墨攻:今を去る2500年前、専守防衛論を掲げ実戦を戦った軍師がいた

墨攻:今を去る2500年前、専守防衛論を掲げ実戦を戦った軍師がいた

墨攻:今を去る約2500年前、中国では春秋戦国時代に入り、各地の封建諸侯が入り乱れての覇権争いを繰り返していた。その群雄割拠の時代に非戦を唱え、専守防衛論を真正面に掲げ実戦で戦った墨家の実践的指導者を画いたものです。その戦いぶりは後の千早城の戦いにも受け継がれたと思わせる先駆的なものでした。
 時は今を去る約2500年前、中国では春秋戦国時代に入り、各地の封建諸侯が入り乱れての覇権争いを繰り返していた。

 やがてその中でも秦の始皇帝が全国を統一することになる。その理論的主柱は、法家という強権的な法治主義を唱えていた理論集団であったが、墨家とはその法家と対極をなす理想主義を掲げる理論集団であった。
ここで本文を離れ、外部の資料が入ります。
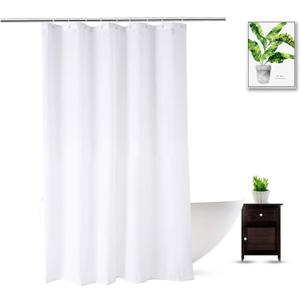Fabric Shower Curtain Liner 54 x 74 Inch, White Polyester Bathroom Shower Curtains, Heavy Duty, Hotel Quality, Machine Washable, 54x74 Inches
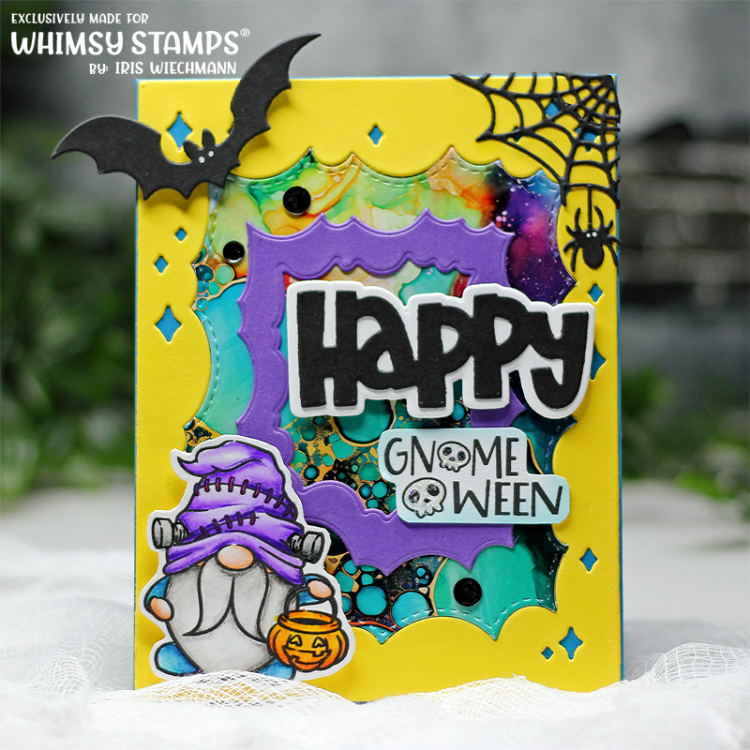 Whimsy Stamps GnomeOween Clear Stamp and Die Set spider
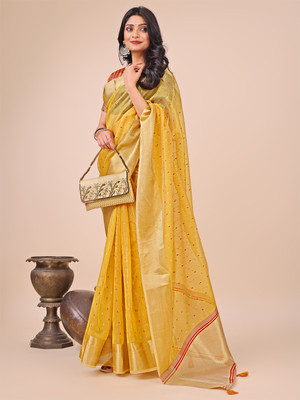 Tasrika Self Design Banarasi Organza Saree(Yellow)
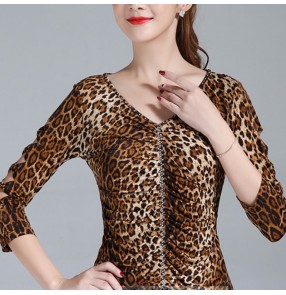 Women's leopard printed latin ballroom dance tops shirts women waltz tango dance tops 
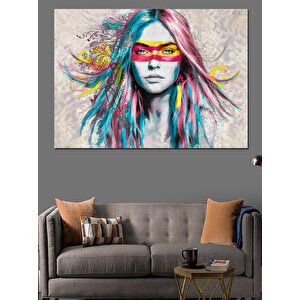 Renkli Saçlı Maskeli Kadın Dekoratif Kanvas - Mdf Ahşap Tablo 100x140 cm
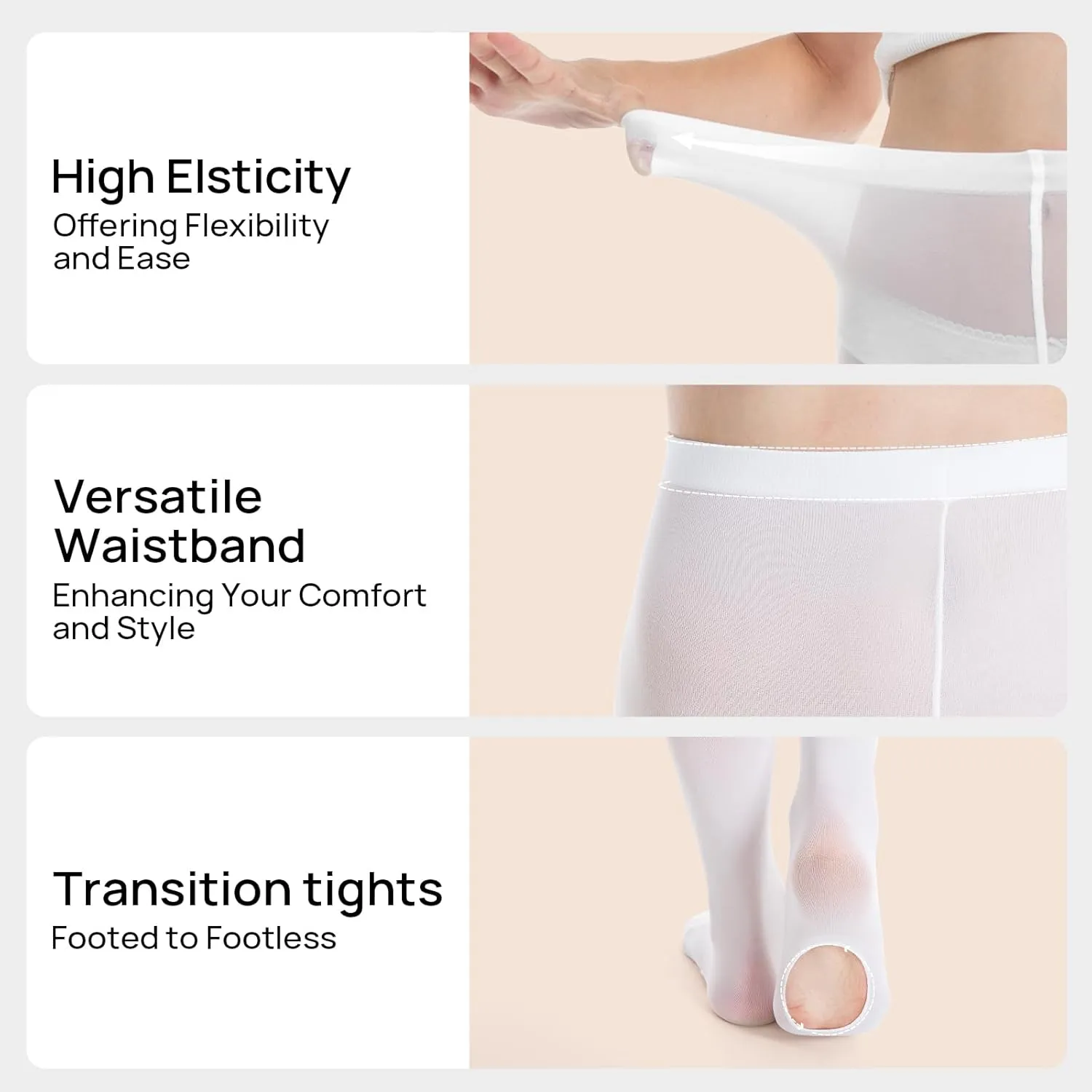 MANZI Womens Girls Solid Color Comfortable Convertible Ballet Tights 1-3 Pairs Pack
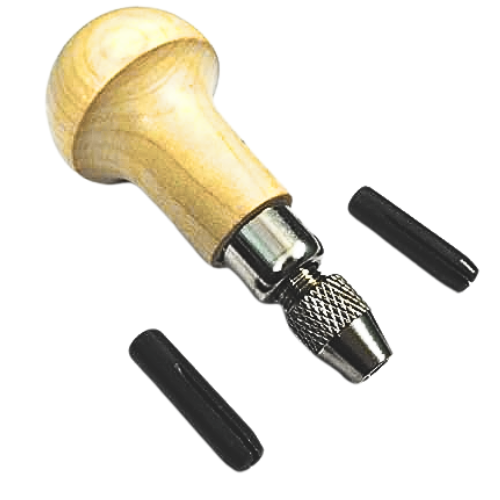 Wood handle pin vise tool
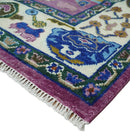 Purple Ivory Hand Knotted Oushak Wool Area Rug - Vibrant Soft by The Rug Decor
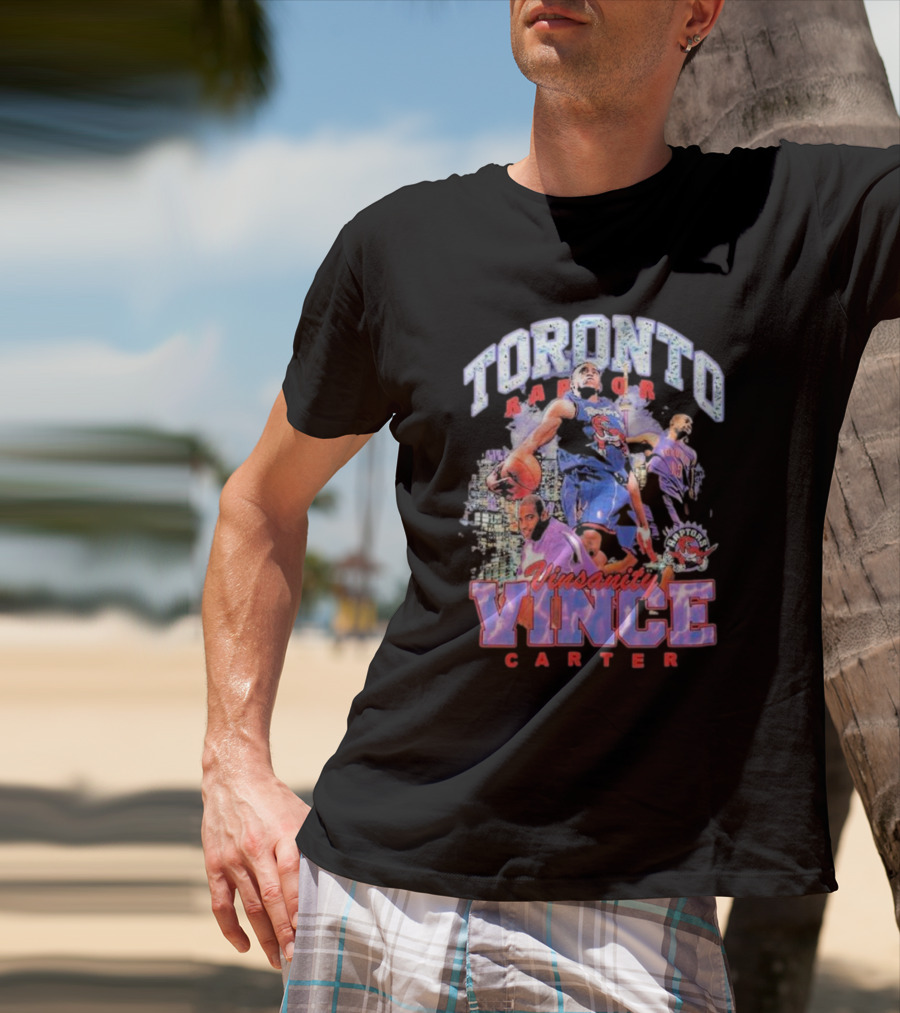 Toronto Raptors Vinsanity Vince Carter Mitchell And Ness Hardwood Classics Bling Concert Player T-Shirt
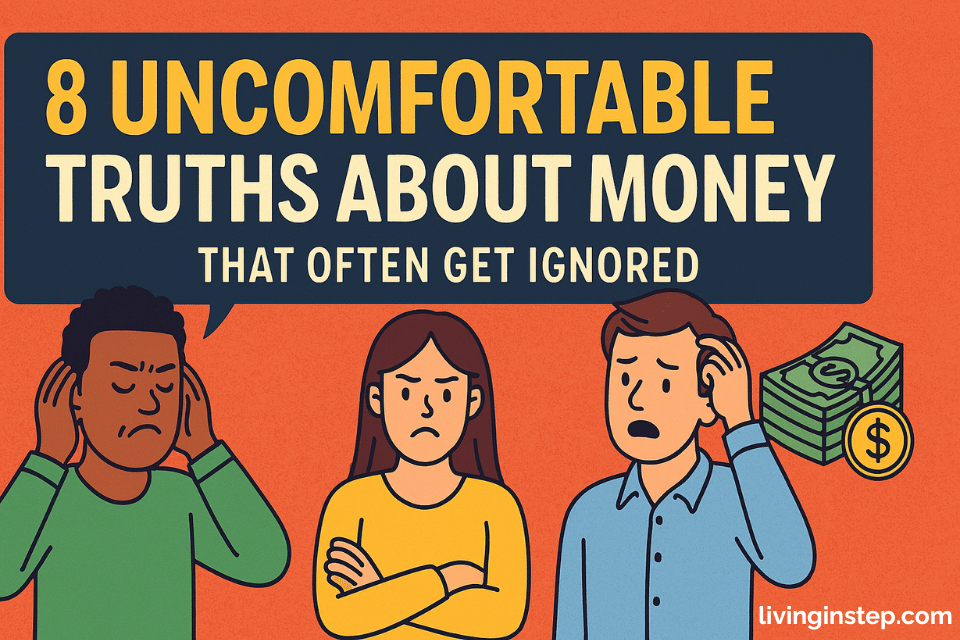 cartoon style 3 people frowning about the uncomfortable truths about money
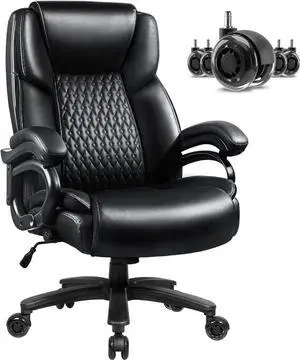 VITESSE Big and Tall Office Chair, 500lbs Office Chair for Heavy People - Adjustable Lumbar Support, Quiet Rubber Wheels Heavy Duty Metal Base, High Back Large Executive Computer gaming Chair (Black) VITESSE Big and Tall Office Chair, 500lbs Office Chair for Heavy People - Adjustable Lumbar Support, Quiet Rubber Wheels Heavy Duty Metal Base, High Back Large Executive Computer gaming Chair (Black)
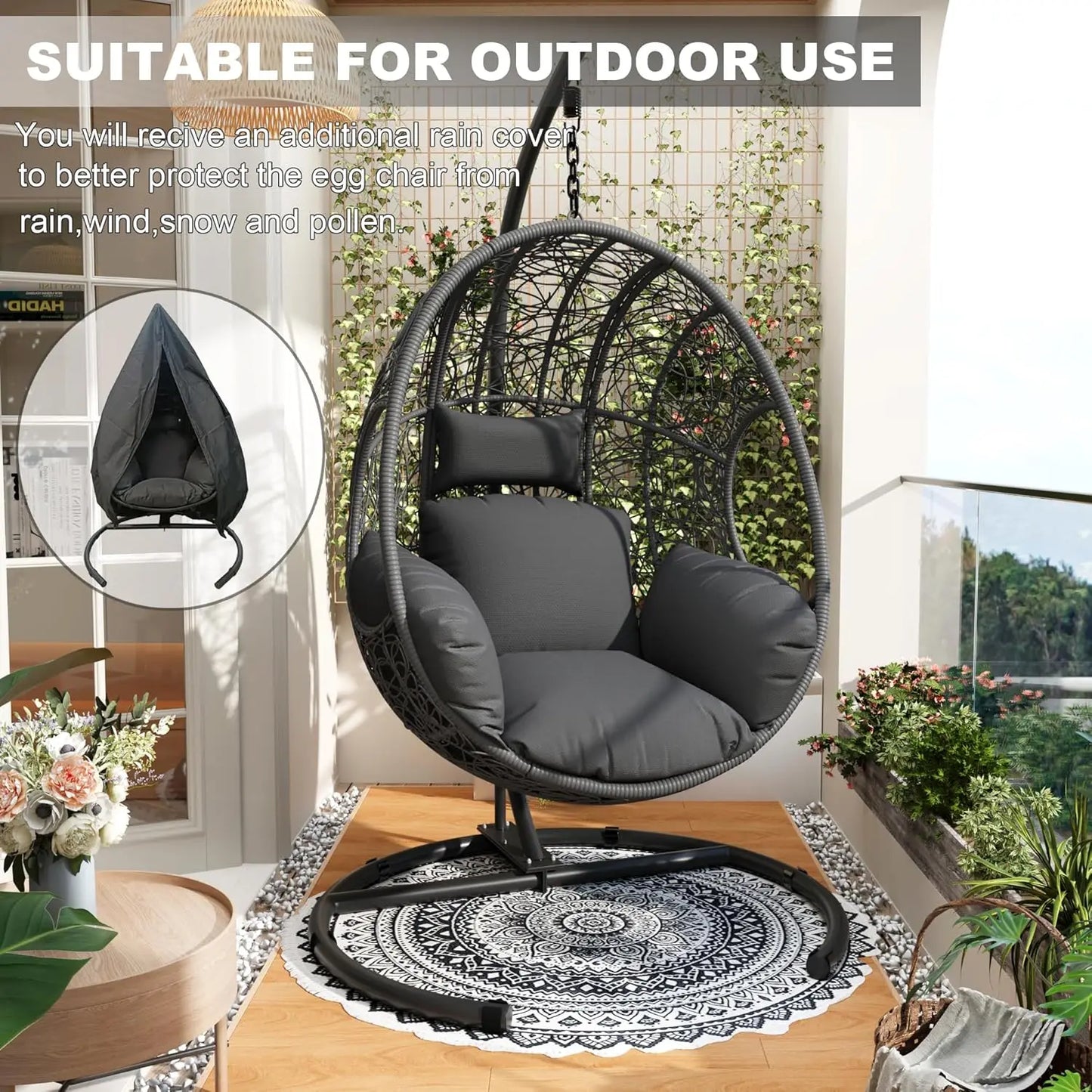 Oversized, Hanging Egg Chair Set 2 Outdoor Indoor Wicke,r Swing 400lbs for Patio Garden Balcony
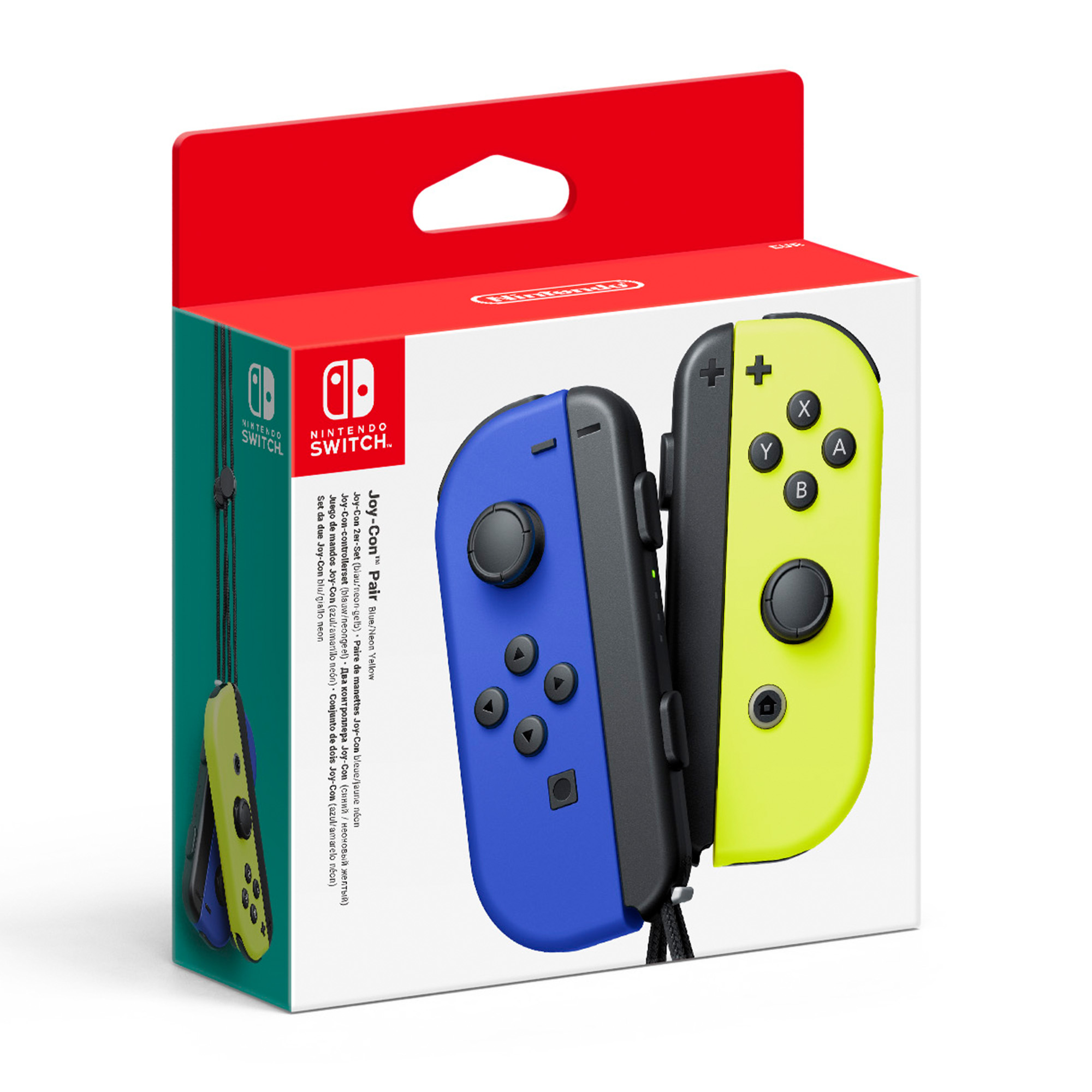 Nintendo Switch Joy-Con Controller Set in Blau und Neon Gelb.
 このことを頭に入れて、映画を鑑賞するといっそう面白くなる。

こんにちは! 中国の春秋戦国時代の墨家集団の活躍を著した中国映画「墨攻」の評論と歴史的背景をお届けします。群雄割拠の時代に非戦を唱え、専守防衛論を真正面に掲げ実戦で戦った墨家の実践的指導者を画いたものです。

映画の紹介
 戦乱の中国を舞台に、非攻(侵略戦争否定)を説いた”墨家”という理論集団の天才戦術家革離の活躍を、中国・日本・香港・韓国の合作で映画化した歴史アクション超大作。今香港で闘われている自由を自立を求める運動にも通じるものがあります。雨傘、マスクなど実に多彩な戦術を繰り出してきます。


映画データ
製作年:2006年
製作国:中国/日本/香港/韓国
原題:A BATTLE OF WITS

製作:ホアン・チェンシン 、 ワン・チョンレイ 、 ツイ・シウミン 、 リー・ジョーイック 、 井関惺
製作総指揮:ワン・チョンジュン 、 スティーヴン・ン 、 ホン・ボンチュル

出演:アンディ・ラウ 、 アン・ソンギ 、 ワン・チーウェン 、 ファン・ビンビン 、 ウー・チーロン 、 チェ・シウォン 、 ワン・チーウェン

監督:ジェイコブ・チャン


ストーリー
 紀元前370年頃の戦国時代、攻撃をせずに守り抜くことに徹した“非攻”を信念とする集団“墨家”がいた。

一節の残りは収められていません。